Pressed about the Koch brothers, Akina said Grassroot had “no affiliation” with them.
He then elaborated a bit.
“We are affiliated with organizations that receive donations from a broad variety of sources that could include the Koch brothers or any other billionaires,” he said. “But none of them determine our policy. We are completely independent. We are proud to be part of the State Policy Network but receive no funding or policy direction that they might have received from particularly large donors such as the Koch brothers.”
“We do not respond to inquiries about the identities of our donors, respecting their legal right to privacy.”—Kelii Akina
Akina said websites such as SourceWatch “use templates to critique any group affiliated with the State Policy Network,” even groups that might have “the smallest relationship with the groups that they are targeting. Frankly, there is no story here.”

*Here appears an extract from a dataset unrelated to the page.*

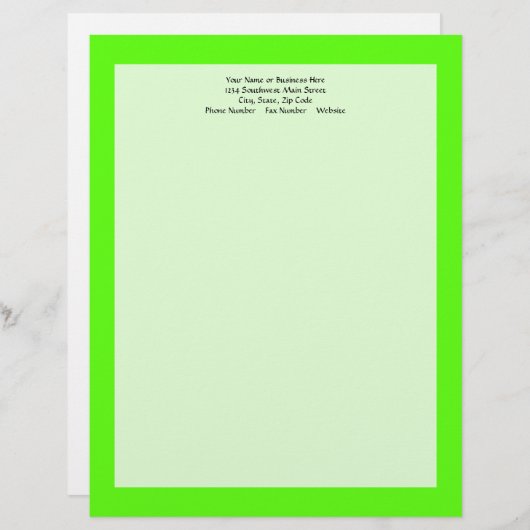 High Visibility Neon Green Briefhoofd (Voorkant / Achterkant)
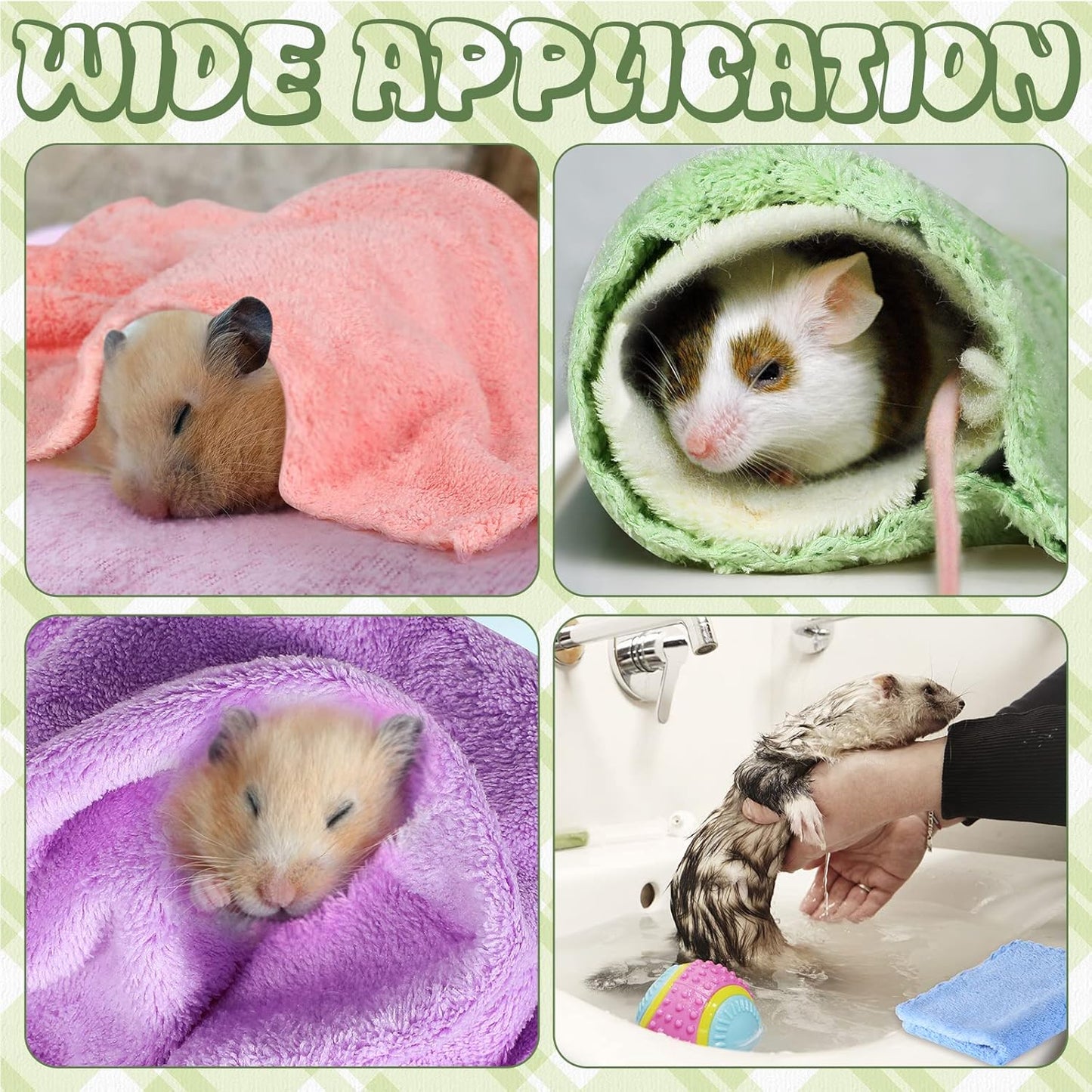 24 Pcs 24 Pcs Guinea Pig Fleece Bedding Blankets Bulk Washable Small Animal Fleece Cage Liners Pet Wash Cloth Sleeping Mat Cover for Hamster Chinchilla Rabbit Hedgehog (12 x 12 Inch,Multicolor)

But Grassroot has partnered with Judicial Watch in its legal challenge to the Nai Aupuni convention for Native Hawaiian self governance. Judicial Watch’s website calls itself “a conservative, non-partisan educational foundation,” while SourceWatch links the group to the late billionaire Richard Mellon Scaife, identified as a contributor “to the Republican Party and right-wing think tanks, one of the most influential men behind the American conservative movement.”
I don’t think the Grassroot Institute should be shunned by the media. I think it contributes good arguments about important topics, whether I agree with them or not.
But I do think the media (including me) need to apply more scrutiny to how we describe groups that we report on.